| Assignment |
Set the data down again, exactly as it appears below.

| Data segment |
• • • • • • •
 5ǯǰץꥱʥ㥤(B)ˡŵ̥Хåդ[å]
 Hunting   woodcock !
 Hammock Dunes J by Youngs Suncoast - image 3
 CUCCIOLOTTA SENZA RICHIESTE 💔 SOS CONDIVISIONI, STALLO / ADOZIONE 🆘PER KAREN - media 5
• • • • • • •
| Answer to this task |
 5ǯǰץꥱʥ㥤(B)ˡŵ̥Хåդ[å]
 Hunting   woodcock !
 Hammock Dunes J by Youngs Suncoast - image 3
 CUCCIOLOTTA SENZA RICHIESTE 💔 SOS CONDIVISIONI, STALLO / ADOZIONE 🆘PER KAREN - media 5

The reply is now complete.